Dazu zählt die beschleunigte Abschaffung von zum Teil 30 Jahre alten Programmen ebenso wie die Schaffung der organisatorsichen Voraussetzungen dafür, sich künftig vermehrt Länderverbünden anzuschließen.

Dafür sind aus Sicht der Experten „eigenständige, für die Justiz der jeweiligen Länder zentral zuständige und entsprechend strukturierte Organisationseinheiten“ nötig, die sich allein um die Themen Digitalisierung und Kooperation in den Länderverbünden kümmern. In anderen Ländern seit Jahren Standard, fehlt eine solche Einheit in Berlin.

Kreck: „Wir haben ein Problem, ja, selbstverständlich“

Zusätzlich raten die Experten zu einer erheblichen Straffung der Zeitpläne für die Einführung zeitgemäßer Programme. So weist das als „Leitfachverfahren“ vorgesehene Programm „ForumStar“ schon jetzt teilweise erhebliche organisatorische, fachliche und technische Risiken auf.

Die Entwicklung des Nachfolgeprogramms „sollte beschleunigt werden, um eine anschließende Ablösung von ForumStar zu forcieren“, heißt es.

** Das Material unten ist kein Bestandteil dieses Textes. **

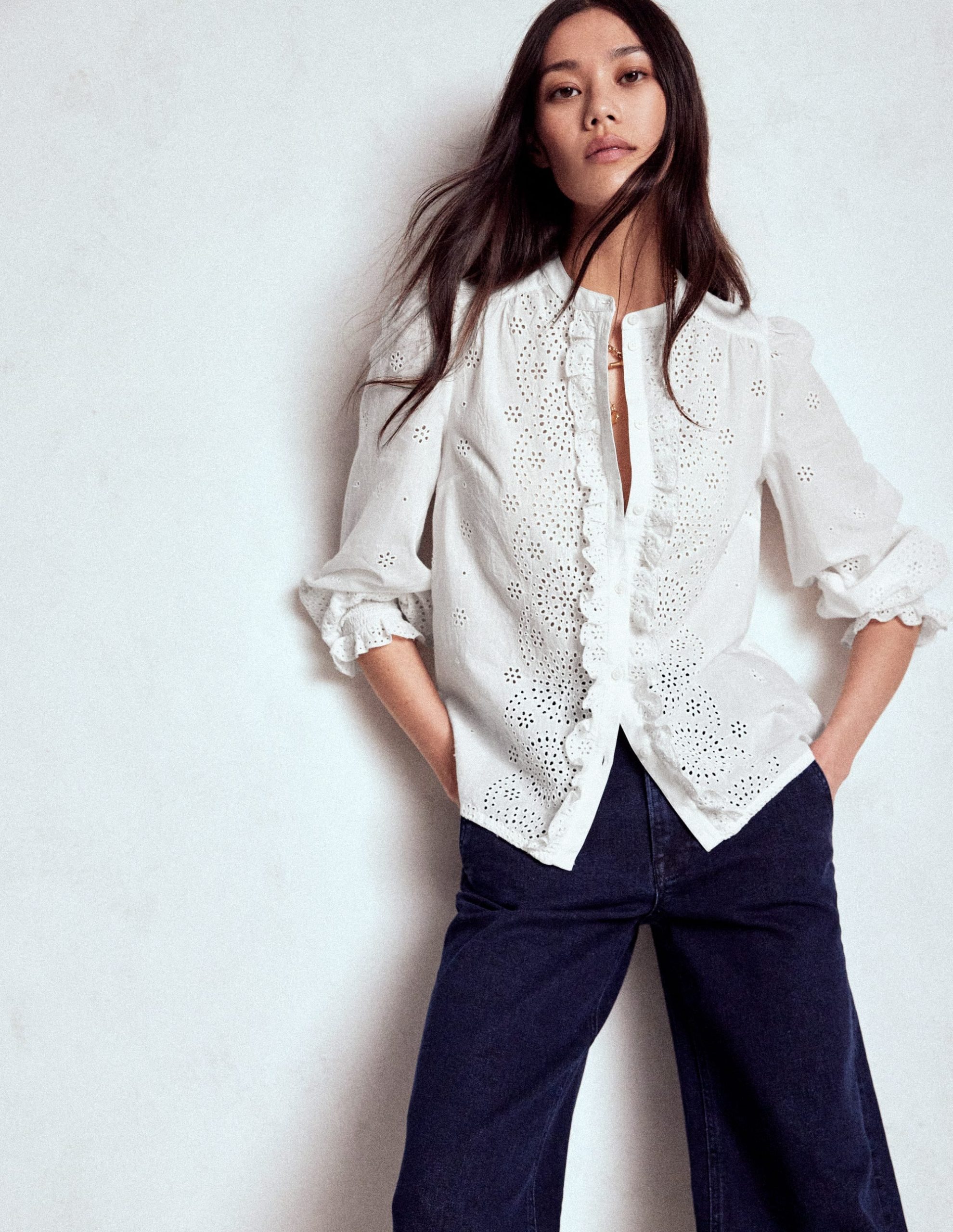 Alice Broderie Top-White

Kreck, die in ihrer Amtsführung der Erneuerung der IT eine vordringliche Rolle zugerechnet hatte, bestätigte die desolate Lage der Justiz-IT am Montag. „Wir haben keinen Dissens, dass ganz viel im Argen liegt“, erklärte Kreck und ergänzte: „Wir haben ein Problem, ja selbstverständlich.“

Es brauche „einen langen Atem“, die Erneuerung müsse „systematisch, seriös und nachhaltig“ angegangen werden, erklärte sie weiter.

Marc Böttcher (rechts) gemeinsam mit Berlins Regierender Bürgermeisterin Franziska Giffey im IT-Dienstleistungszentrum.
Marc Böttcher (rechts) gemeinsam mit Berlins Regierender Bürgermeisterin Franziska Giffey im IT-Dienstleistungszentrum.

© IMAGO/Emmanuele Contini

Marc Böttcher, Vorstandschef des ITDZ, sprach von „Herausforderungen, die nicht ganz klein sind“. Erfolgreiche Attacken wie jene auf das Kammergericht könnten jederzeit wieder passieren, erklärte Böttcher und fügte hinzu. „Moderne Fachverfahren würden uns dabei helfen, mehr Risikominimierung zu schaffen.“

Für Irritationen sorgte am Montag die Aufhebung der Vertraulichkeit eines großen Teils der ersten Sondersitzung. CDU und FDP hatten diese beantragt, SPD, Grüne und Linke stimmten – gegenteilig zum Abstimmungsverhalten vor 14 Tagen – zu.

Die Voraussetzungen für die von Kreck angeregte Einstufung seien wohl nicht erfüllt gewesen, hieß es am Montag hinter den Kulissen. Das Wortprotokoll des ursprünglich vertraulichen Sitzungsteils soll nun veröffentlicht werden.